Las cadenas El Corte Inglés (España), Primark (Irlanda), Loblaw (Canadá) y Bonmarché (Reino Unido) prometieron contribuir a este fondo creado para indemnizar a las víctimas de la peor catástrofe industrial del país.
«Se necesitarán unos 40 millones de dólares (29 millones de euros)» para «indemnizar a los heridos y a los familiares de las personas fallecidas en el derrumbe de una fábrica textil en abril», dijo Lejo Sibbel, responsable de la Organización Internacional del Trabajo (OIT), que participó en el cierre del acuerdo el mes pasado.
Las marcas internacionales y las distribuidoras financian de manera voluntaria estos fondos, que están abiertos a otros donantes internacionales, precisó Sibbel.
El acuerdo se produce después de que las negociaciones entre distribuidoras textiles y grupos de defensa de los trabajadores sobre la indemnización de las víctimas fracasaran en septiembre en Ginebra.
Más de 100 distribuidoras europeas y americanas prometieron mejorar la seguridad en las fábricas textiles, pero las promesas de indemnización tardaron en concretarse.
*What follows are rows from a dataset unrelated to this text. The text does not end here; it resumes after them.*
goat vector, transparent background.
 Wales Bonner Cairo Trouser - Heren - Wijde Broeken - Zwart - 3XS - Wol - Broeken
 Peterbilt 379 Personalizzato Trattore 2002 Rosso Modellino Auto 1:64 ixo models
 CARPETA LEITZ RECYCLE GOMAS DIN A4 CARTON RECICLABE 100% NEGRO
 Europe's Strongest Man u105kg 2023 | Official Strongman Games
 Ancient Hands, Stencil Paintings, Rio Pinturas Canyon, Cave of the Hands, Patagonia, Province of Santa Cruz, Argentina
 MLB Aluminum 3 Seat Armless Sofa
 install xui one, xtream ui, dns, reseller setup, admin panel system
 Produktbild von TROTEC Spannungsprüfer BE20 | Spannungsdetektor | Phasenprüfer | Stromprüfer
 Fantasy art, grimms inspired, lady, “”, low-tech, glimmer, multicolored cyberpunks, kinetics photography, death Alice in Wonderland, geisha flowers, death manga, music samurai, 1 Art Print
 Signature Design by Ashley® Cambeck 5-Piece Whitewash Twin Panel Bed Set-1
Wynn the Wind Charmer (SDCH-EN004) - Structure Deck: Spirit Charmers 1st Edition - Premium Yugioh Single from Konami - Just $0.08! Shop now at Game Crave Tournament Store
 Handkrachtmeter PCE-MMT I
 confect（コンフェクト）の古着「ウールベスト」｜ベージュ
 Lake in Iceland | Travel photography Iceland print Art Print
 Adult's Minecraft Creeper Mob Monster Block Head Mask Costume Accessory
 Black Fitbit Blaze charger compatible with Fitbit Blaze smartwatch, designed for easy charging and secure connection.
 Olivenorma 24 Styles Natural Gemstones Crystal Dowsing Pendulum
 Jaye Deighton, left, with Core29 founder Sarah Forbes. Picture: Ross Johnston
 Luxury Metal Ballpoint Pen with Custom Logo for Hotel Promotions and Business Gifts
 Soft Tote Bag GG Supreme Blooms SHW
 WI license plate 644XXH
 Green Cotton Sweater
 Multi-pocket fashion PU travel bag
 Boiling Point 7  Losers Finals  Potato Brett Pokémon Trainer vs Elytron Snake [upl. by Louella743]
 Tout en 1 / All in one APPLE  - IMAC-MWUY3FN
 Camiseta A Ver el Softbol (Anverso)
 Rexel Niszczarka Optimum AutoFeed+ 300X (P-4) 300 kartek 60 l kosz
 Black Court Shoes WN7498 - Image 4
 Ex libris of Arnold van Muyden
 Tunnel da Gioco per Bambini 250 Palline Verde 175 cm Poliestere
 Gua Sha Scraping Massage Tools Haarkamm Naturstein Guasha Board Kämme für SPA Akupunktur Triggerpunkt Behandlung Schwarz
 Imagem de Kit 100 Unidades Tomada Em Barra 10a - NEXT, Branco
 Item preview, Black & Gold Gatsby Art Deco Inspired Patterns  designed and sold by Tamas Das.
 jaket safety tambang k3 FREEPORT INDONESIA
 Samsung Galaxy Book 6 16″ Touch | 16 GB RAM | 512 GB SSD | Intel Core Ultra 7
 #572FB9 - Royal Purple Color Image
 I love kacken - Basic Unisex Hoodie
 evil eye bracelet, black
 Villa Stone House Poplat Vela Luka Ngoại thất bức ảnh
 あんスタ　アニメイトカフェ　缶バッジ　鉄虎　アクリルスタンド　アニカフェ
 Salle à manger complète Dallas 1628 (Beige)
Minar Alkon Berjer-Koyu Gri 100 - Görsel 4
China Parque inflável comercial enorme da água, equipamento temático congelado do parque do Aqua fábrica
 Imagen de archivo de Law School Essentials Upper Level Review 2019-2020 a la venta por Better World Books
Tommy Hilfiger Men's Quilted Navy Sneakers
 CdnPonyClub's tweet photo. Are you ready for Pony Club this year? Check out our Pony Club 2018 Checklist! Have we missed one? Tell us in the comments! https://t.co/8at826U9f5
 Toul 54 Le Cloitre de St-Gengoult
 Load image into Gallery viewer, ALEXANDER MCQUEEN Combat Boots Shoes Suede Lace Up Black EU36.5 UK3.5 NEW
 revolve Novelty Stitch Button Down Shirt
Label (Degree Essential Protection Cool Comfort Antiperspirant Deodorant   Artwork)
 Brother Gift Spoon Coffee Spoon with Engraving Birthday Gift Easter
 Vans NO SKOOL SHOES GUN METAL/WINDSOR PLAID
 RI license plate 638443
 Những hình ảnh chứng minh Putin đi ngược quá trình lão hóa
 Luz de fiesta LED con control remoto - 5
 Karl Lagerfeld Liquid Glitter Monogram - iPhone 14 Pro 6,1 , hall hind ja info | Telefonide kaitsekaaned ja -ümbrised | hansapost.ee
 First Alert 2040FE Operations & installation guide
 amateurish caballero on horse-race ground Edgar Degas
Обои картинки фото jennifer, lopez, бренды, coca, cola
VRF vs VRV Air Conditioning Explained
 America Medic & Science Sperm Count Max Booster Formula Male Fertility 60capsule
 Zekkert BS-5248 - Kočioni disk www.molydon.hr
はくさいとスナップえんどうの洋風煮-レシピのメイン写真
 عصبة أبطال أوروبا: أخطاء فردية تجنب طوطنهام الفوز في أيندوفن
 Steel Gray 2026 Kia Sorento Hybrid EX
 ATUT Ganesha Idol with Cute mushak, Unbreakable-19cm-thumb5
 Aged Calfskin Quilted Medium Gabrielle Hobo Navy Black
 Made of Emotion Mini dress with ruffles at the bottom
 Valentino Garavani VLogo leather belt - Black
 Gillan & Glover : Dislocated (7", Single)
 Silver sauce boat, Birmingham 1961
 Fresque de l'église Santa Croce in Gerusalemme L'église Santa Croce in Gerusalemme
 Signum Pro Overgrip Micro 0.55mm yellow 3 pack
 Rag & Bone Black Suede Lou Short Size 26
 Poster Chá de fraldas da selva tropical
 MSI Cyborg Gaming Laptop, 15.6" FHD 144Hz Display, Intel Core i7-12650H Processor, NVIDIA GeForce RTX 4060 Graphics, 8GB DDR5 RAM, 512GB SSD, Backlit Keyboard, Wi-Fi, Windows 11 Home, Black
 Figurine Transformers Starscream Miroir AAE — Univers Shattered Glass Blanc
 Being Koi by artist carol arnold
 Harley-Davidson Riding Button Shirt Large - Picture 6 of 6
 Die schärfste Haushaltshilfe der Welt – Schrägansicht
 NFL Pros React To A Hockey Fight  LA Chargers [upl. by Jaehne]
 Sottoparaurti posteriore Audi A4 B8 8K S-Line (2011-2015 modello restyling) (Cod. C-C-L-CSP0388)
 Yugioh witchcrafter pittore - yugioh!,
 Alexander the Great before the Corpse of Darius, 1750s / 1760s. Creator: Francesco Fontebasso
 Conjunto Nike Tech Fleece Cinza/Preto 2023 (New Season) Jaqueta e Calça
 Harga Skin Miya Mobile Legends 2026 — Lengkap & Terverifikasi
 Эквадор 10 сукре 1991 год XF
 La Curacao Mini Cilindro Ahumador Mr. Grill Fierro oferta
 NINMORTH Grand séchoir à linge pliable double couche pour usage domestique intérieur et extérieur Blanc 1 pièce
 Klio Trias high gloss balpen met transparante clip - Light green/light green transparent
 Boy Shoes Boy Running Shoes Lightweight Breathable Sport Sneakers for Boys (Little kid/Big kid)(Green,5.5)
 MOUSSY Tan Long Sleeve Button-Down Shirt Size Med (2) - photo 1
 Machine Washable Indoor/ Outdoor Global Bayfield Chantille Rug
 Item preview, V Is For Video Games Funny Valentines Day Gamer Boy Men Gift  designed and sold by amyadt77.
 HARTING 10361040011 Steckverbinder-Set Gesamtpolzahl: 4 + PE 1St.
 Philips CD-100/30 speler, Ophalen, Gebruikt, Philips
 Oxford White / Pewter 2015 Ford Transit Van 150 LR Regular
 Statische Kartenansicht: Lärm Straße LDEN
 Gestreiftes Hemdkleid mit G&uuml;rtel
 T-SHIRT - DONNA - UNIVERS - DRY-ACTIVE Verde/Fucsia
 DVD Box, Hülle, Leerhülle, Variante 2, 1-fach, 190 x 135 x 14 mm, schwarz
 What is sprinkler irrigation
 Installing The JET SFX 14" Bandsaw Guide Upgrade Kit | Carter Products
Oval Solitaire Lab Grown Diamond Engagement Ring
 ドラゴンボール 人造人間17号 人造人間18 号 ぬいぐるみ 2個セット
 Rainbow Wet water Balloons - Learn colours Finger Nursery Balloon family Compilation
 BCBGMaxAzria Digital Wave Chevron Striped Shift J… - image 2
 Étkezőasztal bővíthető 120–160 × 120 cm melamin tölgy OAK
Algunas familias recibieron indemnizaciones provisionales de Primark y del Gobierno de Bangladesh.
Por el momento, se desconoce la aportación de cada una de las cadenas de distribución. «Las 5 fábricas del Rana Plaza confeccionaban vestidos de al menos 29 marcas», indicó el secretario general de la organización de defensa de los trabajadores IndustriALL en Bangladesh, Roy Ramesh, quien esperó que todas ellas «contribuyan a este fondo».
La Asociación de Fabricantes y Exportadores de Ropa de Bangladesh y la Federación de Patronos de Bangladesh firmaron el acuerdo.
El hundimiento en abril del complejo Rana Plaza, que albergaba varios talleres de producción, produjo la muerte de 1,135 personas y puso de manifiesto las precarias condiciones laborales y salariales de los trabajadores del textil en Bangladesh.